HM Kunang pertama kali muncul dalam pemberitaan setelah Komisi Pemberantasan Korupsi (KPK) menetapkan dirinya dan putranya sebagai tersangka kasus dugaan suap ijon proyek. Operasi tangkap tangan (OTT) yang dilakukan KPK pada 18 Desember 2025 mengungkap bahwa HM Kunang tidak hanya bertindak sebagai perantara, tetapi juga sering kali meminta uang secara mandiri tanpa sepengetahuan sang bupati.
Menurut Asep Guntur Rahayu, Pelaksana Tugas Deputi Penindakan dan Eksekusi KPK, HM Kunang menggunakan pengaruhnya sebagai orang tua bupati untuk memperkuat posisinya dalam mengatur alur proyek. Ia bahkan disebut-sebut memanfaatkan hubungan keluarga untuk meminta uang kepada pengusaha dan pejabat pemerintahan daerah.
Peran HM Kunang dalam kasus ini menunjukkan bagaimana kekuasaan dan hubungan keluarga bisa dimanipulasi untuk kepentingan pribadi.
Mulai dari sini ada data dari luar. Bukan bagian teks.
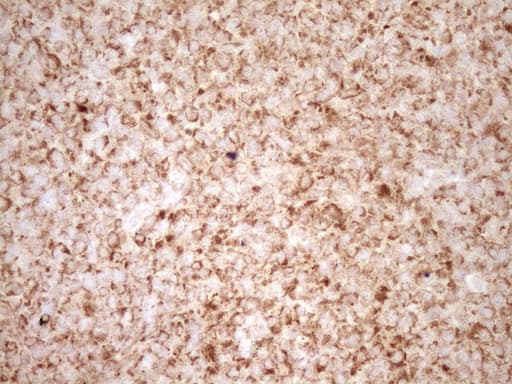 BCL2 / Bcl-2 Antibody (clone OTI9D3)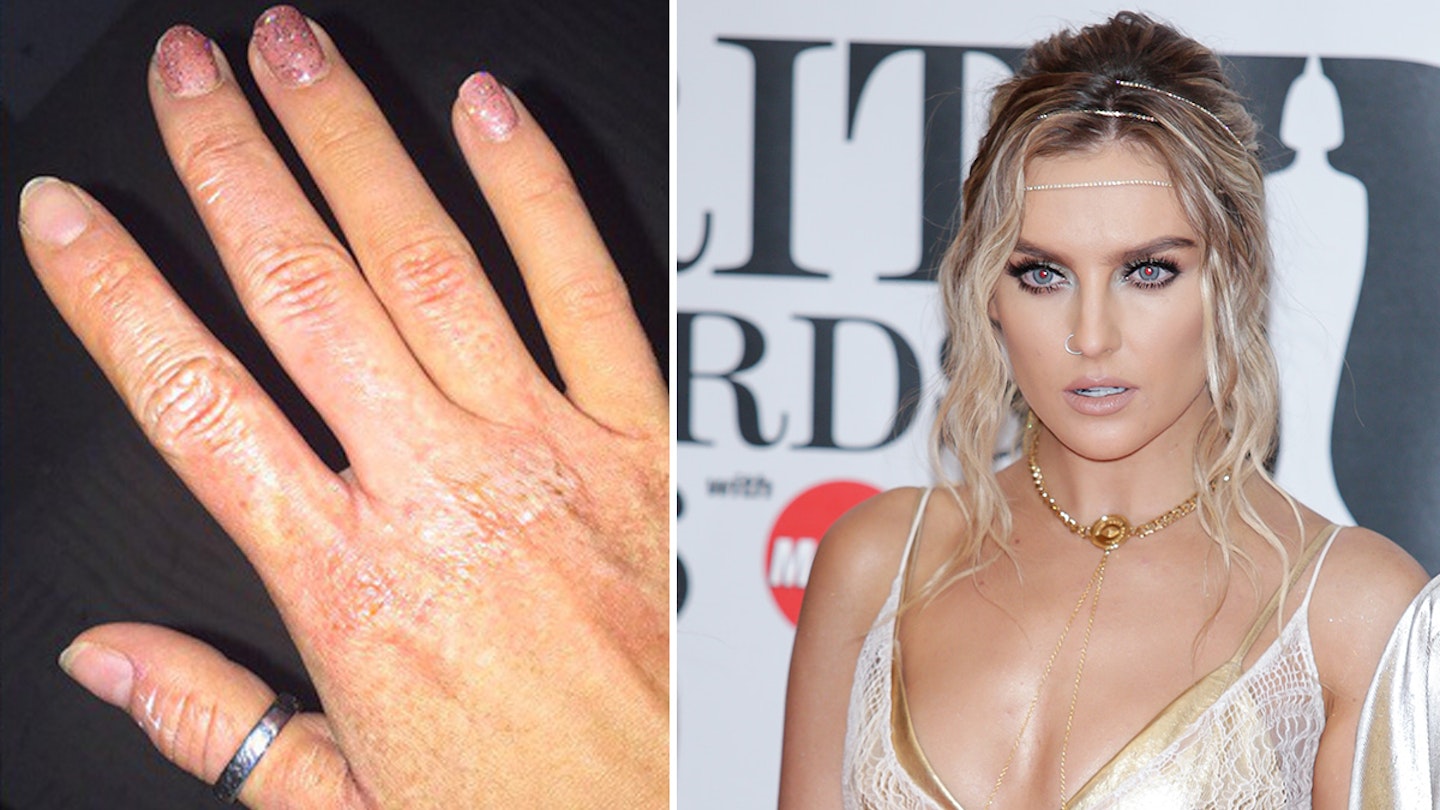 perrie edwards burns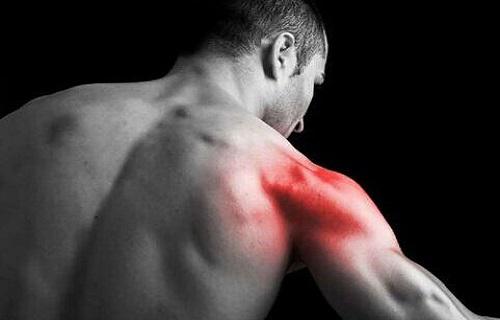 肌肉酸痛和肌肉拉伤区别 肌肉拉伤和肌肉酸痛怎么区分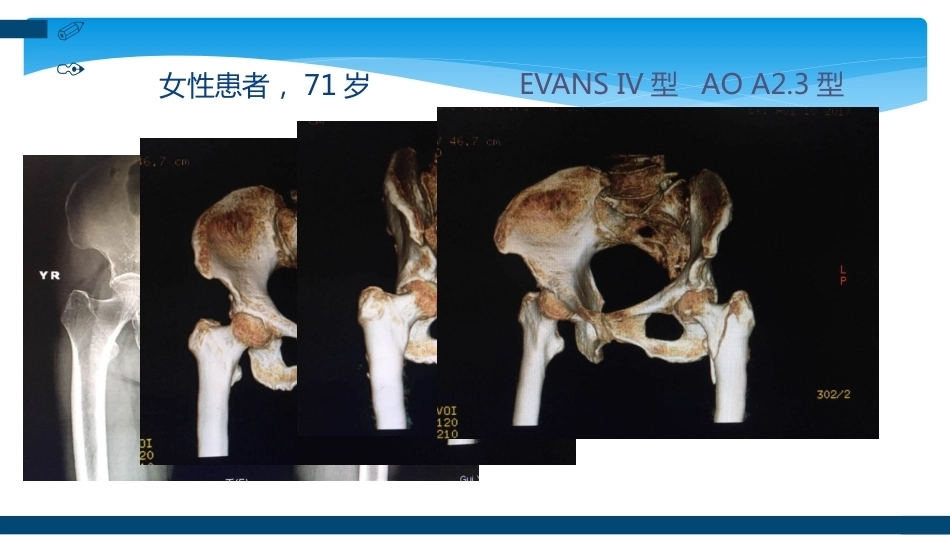 股骨粗隆间及粗隆下骨折髓内固定辅助技术分享_第14页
Meskipun ia hanya menjabat sebagai Kepala Desa, statusnya sebagai ayah dari bupati membuatnya memiliki akses dan pengaruh yang luar biasa.
Tidak hanya itu, HM Kunang juga dikaitkan dengan beberapa pihak yang ingin mendapatkan proyek atau melicinkan urusan dengan pemerintah kabupaten. Hal ini menunjukkan adanya jaringan korupsi yang kompleks dan berlapis.
Dalam konteks politik dan pemerintahan, nama HM Kunang menjadi trending karena keterlibatannya dalam kasus hukum yang menimpa putranya. Masyarakat mulai memperhatikan bagaimana dinamika keluarga bisa memengaruhi jalannya pemerintahan dan proses pengambilan keputusan di tingkat daerah.

Meski perkara ini masih dalam proses hukum, kasus ini memberikan pelajaran penting tentang pentingnya transparansi dan akuntabilitas dalam pemerintahan. Publik berharap agar KPK dapat menuntaskan kasus ini dengan seadil-adilnya, sehingga kepercayaan masyarakat terhadap sistem pemerintahan dapat dipulihkan.